Stanislav Stanek was an academy painter born in Plzen (Pilsen) in 1927. He has spent his entire life working on his art, perfecting painting style witch has been known and respected for the
last a 50 years. One of the prominent artists of the Czech Republic, Stanislav Stanek was educated at the Academy of Fine art in Prague, eventually settling in the southern Plzen region of his country.
Stanek has worked in a vast array of different mediums, including stone lithography, pastels and oil painting, graphic design, sculpture, metal work, glass etching and ceramic.
Stanek was a leading contender in the contest to design the new Czechoslovakian national currency in 1981, and in that same year also won a commission to create a work that would represent the spirit of world cinematography, for which he painted his famous portrait of film star Charlie Chaplain.
Stanek's signature artistic style makes unusual use of color, line, and shape, but maintains a commitment to a realistic impression of the world around him. Many of his chosen subjects come from the mundane and frequently overlooked,
from crowded city blocks to cab drivers. But Stanek also enjoyed representing more famous figures, such as the Biblical Adam and Eve, or the stone lithography of Jesus commissioned for
the 500th birthday of the church in Nepomuk. His many paintings of Miguel Cervantes's famous characters, Don Quichote and Sancho Panza, are examples of the scope and detail of his imagination.

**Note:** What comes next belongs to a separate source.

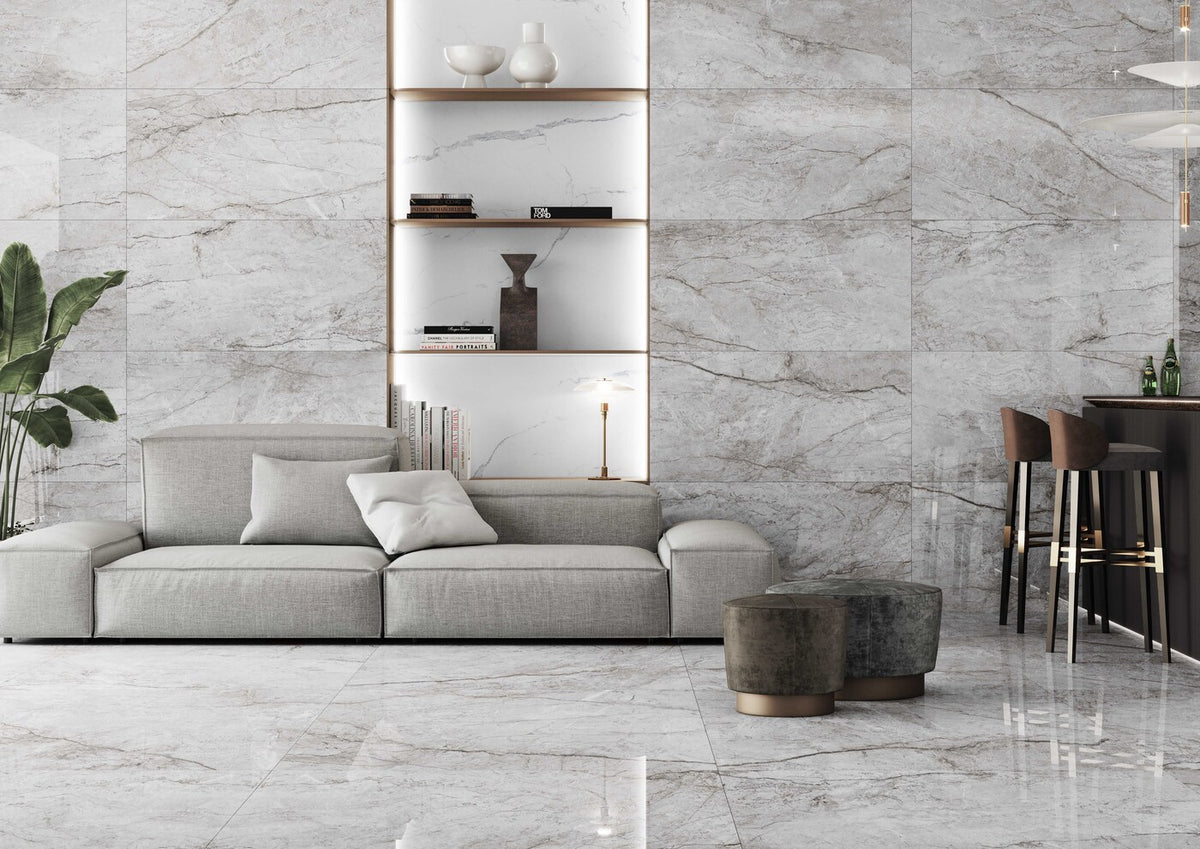 Keraben Idyllic 'Grey', lichtgrijze glanzende marmerlook vloer- en wandtegels in een woonkamer met lichte bank en wandnissen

"I'm interested in objects that hide something inside them", Stanek says. "Each person or place or object that I paint is like a secret garden. I want to get inside, see it close up, see what kind of
flowers are there, smell them, and through my art I invite everyone else to step through as well, to experience the beauty of world the way I experience it."
Stanislav Stanek died in 2011 at the age of 84 years.